Likewise, it's entirely possible that the academic testing isn't testing so much for ability to be _trained_ to mentally do the job  as such.

Don't want any dummy firefighters-firefighting is a _science_, but they don't have to be the smartest guys in the world, or even the building. Likewise, they don't all have to be EMTs..


----------



## 5-0 Kenpo (Jan 14, 2011)

Here is a link for a sample for FDNY's written test:

http://firelink.monster.com/videos/quizzes/9-train-like-the-fdny-practice-written-exam

It seems pretty straighforward to me, and all job related.


----------



## jks9199 (Jan 14, 2011)

Carol said:


> I have my doubts about whether it is fair.  The story contrasts a fellow with a near-perfect physical test but a 74 on the written exam where I assume 80 is passing.
> 
> By contrast, some time ago I went looking for kettlebell routines online and found a blog of a very literate person who was working with kettlebells (among other things) with a goal of getting on with the local FD.  The blogger failed the physical part of the exam.  It sounded like he didn't fail by much, but he still failed.
> 
> ...


Modern firefighting is much more than a physical job; there's lots more than just spraying water onto the fire.  It's highly technical, and constantly changing.
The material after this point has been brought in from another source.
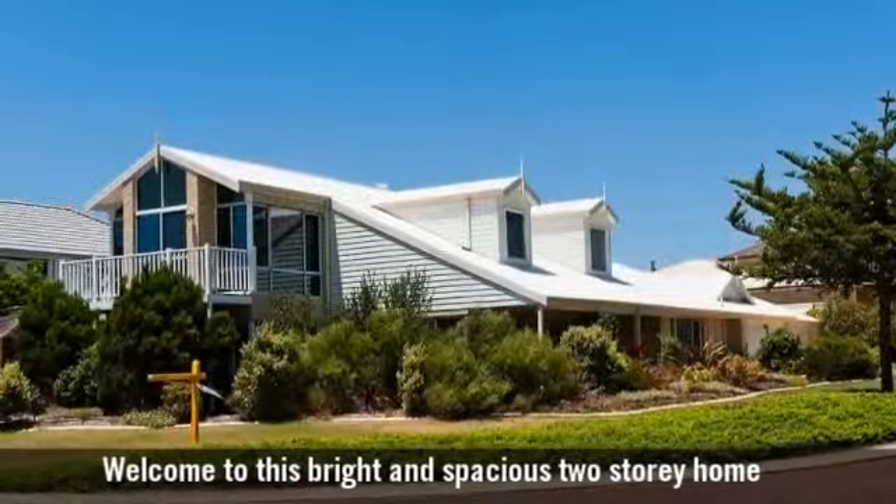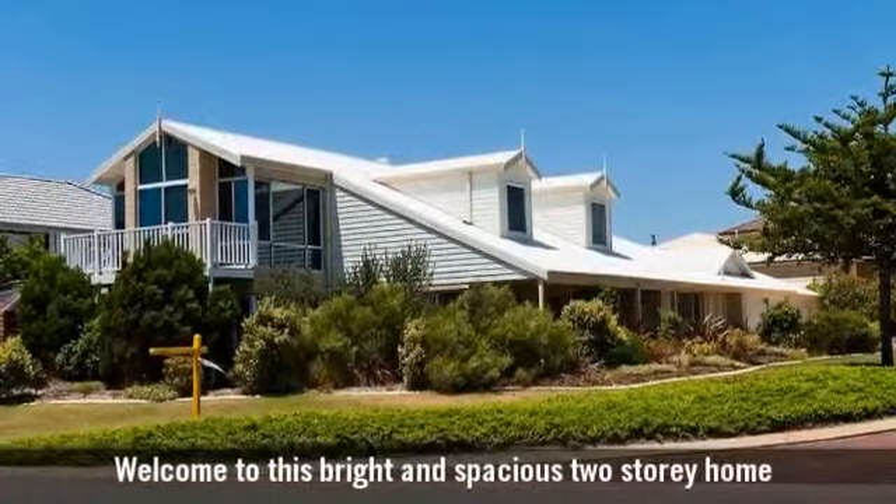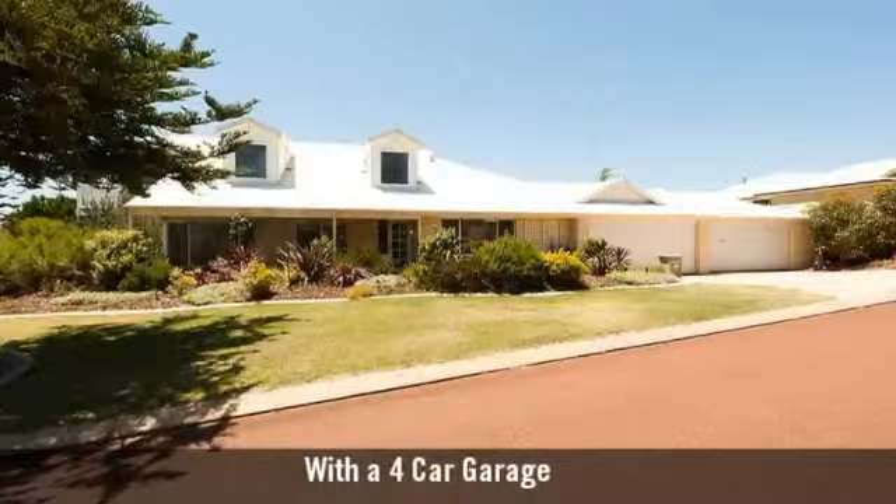Welcome to this bright and spacious two-storey home, with a four-car garage.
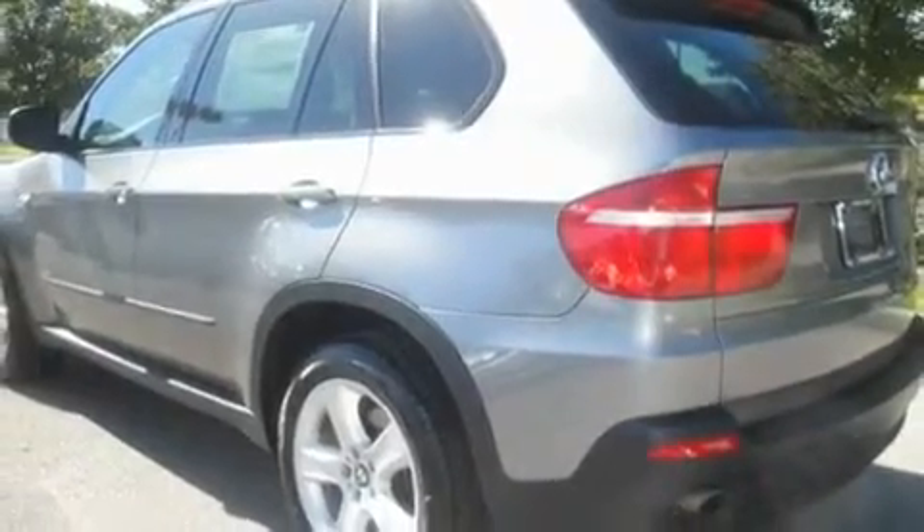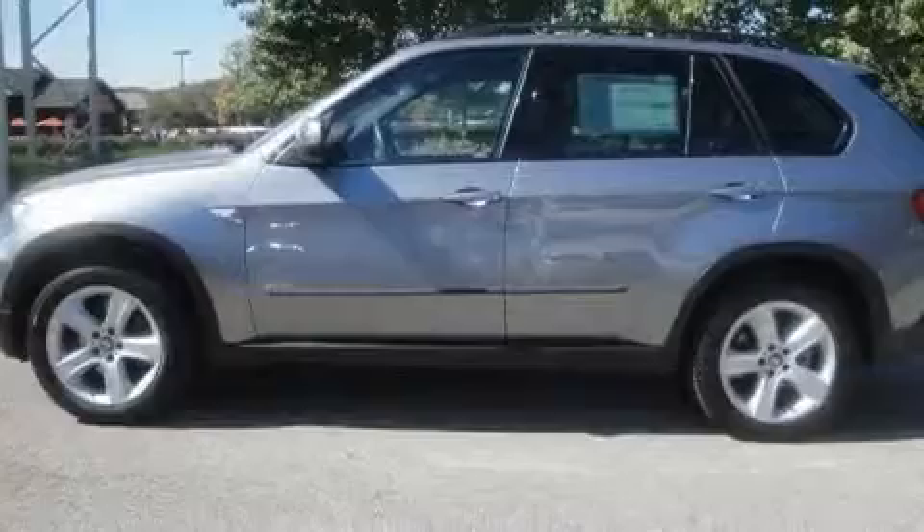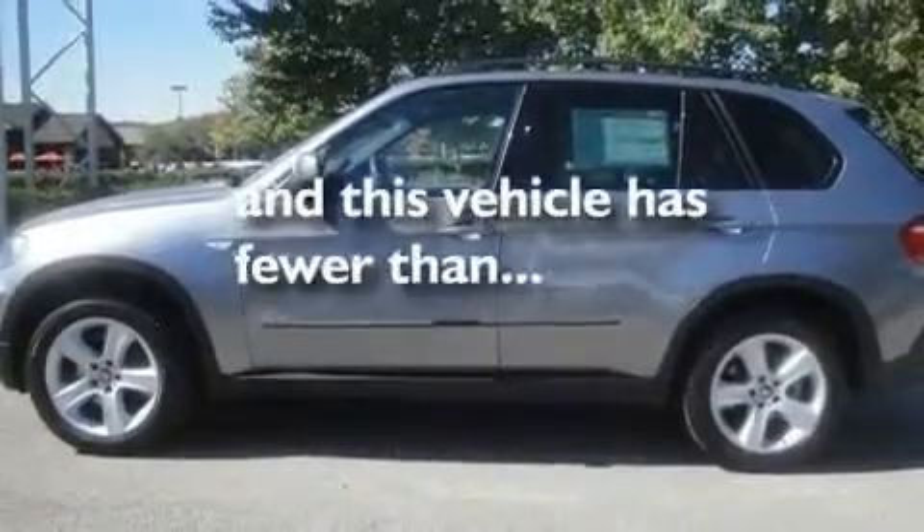Additional features include a passenger side vanity mirror, a traction control system, a power moonroof, and this vehicle has fewer than 34,000 miles on the odometer.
I don't know if the FDNY process was fair or not.  There's too much missing in the reporting, as others have been pointing out.  And it's not mentioning things like the effects of veteran's preferences...  I know in some places, a non-veteran civil service applicant NEEDS perfect scores to compete once they factor all the veteran's preferences in.  (I'm not saying veteran's preferences are wrong, just pointing out that they can really skew the lists.)


----------



## MJS (Jan 14, 2011)

Carol said:


> Me too!  But doctors are also graded rigorously on their intellect and less on their physical ability. A great doctor can practice medicine from a wheelchair....
> 
> And the FF who has to stand up to city hall to negotiate with the mayor is someone that should also be booksmart, as does the arson investigator. There is room for both types, is there not?
> 
> ...


 
I think its crazy alot of the time, when people require a college degree for a job.  There are PDs here in CT that require a degree.  My question is why?  That paper isn't going to do jack for them, at 2am, when they're on a mv stop, and the driver gets out of the car and starts fighting.  

I'm not saying that every LEO or FF needs to have a masters degree, but simply a HS diploma and be capable of reading, writing, spelling, understanding the English language and speaking it properly.  Obviously those spelling questions are there for a reason on those tests. LOL.  

If people are complaining that the entry test is too hard, will those same people complain if they want to move up the ladder, no pun intended, and take the LT exam?  Will they ***** because thats too hard?  Seems to me, that many who want to take these tests are taking them because they're good paying jobs yet their education level sucks.  

Yes, FFs have alot of downtime at the station.  So, if they can study up for a promotional exam, why can't the average joe put forth the effort?  Why make it easy for them to get in, and then make them have to bust their *** for a promo?  They should be busting their *** from day 1.  As an example, I'll use that cop here in CT that was drunk, off duty, and hit and killed a kid on a bike.  I posted the thread here.  He was dropped from a number of PDs before he got hired...where daddy worked.  Hmm...go figure.  Kid was too stupid to make it everywhere else, but daddy pulled some strings.  Same thing here.  No free passes.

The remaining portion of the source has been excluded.